Jsonlines to TEI-URS conversion (jsonlines2tei)

This script converts a jsonlines file to a set of TEI-URS files, which can be imported into software such as TXM:

download code view github repo

On this page:

Description of TEI-URS, jsonlines and TXM

TEI-URS

The TEI-URS format is a XML-compliant TEI format used to store (in our case) coreferential annotations. It contains both the text and stand-off annotations, which can be stored in two separate files. The format is precisely described in the following paper:

Loïc Grobol, Frédéric Landragin, and Serge Heiden. 2017. Interoperable annotation of (co)references in the Democrat project. Thirteenth Joint ISO-ACLWorkshop on Interoperable Semantic Annotation.

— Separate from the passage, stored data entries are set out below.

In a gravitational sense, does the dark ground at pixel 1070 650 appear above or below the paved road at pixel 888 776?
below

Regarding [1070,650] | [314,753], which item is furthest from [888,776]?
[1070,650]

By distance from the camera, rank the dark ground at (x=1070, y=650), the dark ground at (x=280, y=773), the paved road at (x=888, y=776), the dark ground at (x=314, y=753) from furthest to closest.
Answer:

"URS" stands for "Unit, Relation, Schema" and the concept is designed for the annotation of units (text chunks, referring expressions (or mentions) in our case), relations (between units) and schemata (set of units, or coreferential chains in our case).

TXM

TEI-URS files can be imported into TXM, a text analysis environment and graphical client based on CQP and R. An newly released extension, the URS extension (for Unit, Relation, Schema) allows the user to annotate or modify coreference information on any text. TXM can be downloaded at: textometrie.ens-lyon.fr and is described in the following paper:

Heiden, S. (2010b). The TXM Platform: Building Open-Source Textual Analysis Software Compatible with the TEI Encoding Scheme. PACLIC24, Sendai, Japan.

Jsonlines

The jsonlines format stores data for several texts (a corpus). Each line is a valid json document, as follows:

{
  "clusters": [],
  "doc_key": "nw:docname",
  "sentences": [["This", "is", "the", "first", "sentence", "."],
                ["This", "is", "the", "second", "."]],
  "speakers":  [["spk1", "spk1", "spk1", "spk1", "spk1", "spk1"],
                ["spk2", "spk2", "spk2", "spk2", "spk2"]]
  "pos":       [["DET", "V", "DET", "ADJ", "NOUN", "PUNCT"],
                ["DET", "V", "DET", "ADJ", "PUNCT"]],
  ...
}

It is used for some coreference resolution systems, such as:

Usage

The jsonlines format can contain many documents: each document will be converted into two files: one for the text, with a .xml suffix, and one for the stand-off annotations, with a -urs.xml suffix. Each type of files can be stored in the same directory, or in two distinct directories.

The command:

python3 jsonlines2tei.py \
    --longest
    --xml-dir xml
    --urs-dir urs
    INPUT_FILE

would store all the documents from INPUT_FILE into two directories: xml for texts and urs for annotations. Referent names would be chosen from the longest mention text in each coreferential chain (without the --longest option, it is the text of the first mention that would have been chosen).

The files are named according to the doc_key key defined in each document of the jsonlines file.

Example of a full automatic annotation process, from text to TXM

Setup

Assuming you have a text in raw format, you will need to convert it to a jsonlines format. Use the the text2jsonlines script. This will tokenize the text and produce a .jsonlines.

Let's take an extract from Stendhal's La Chartreuse de Parme, saved into stendhal.txt:

Le marquis professait une haine vigoureuse pour les lumières ; ce sont les idées, disait-il, qui ont perdu l'Italie ...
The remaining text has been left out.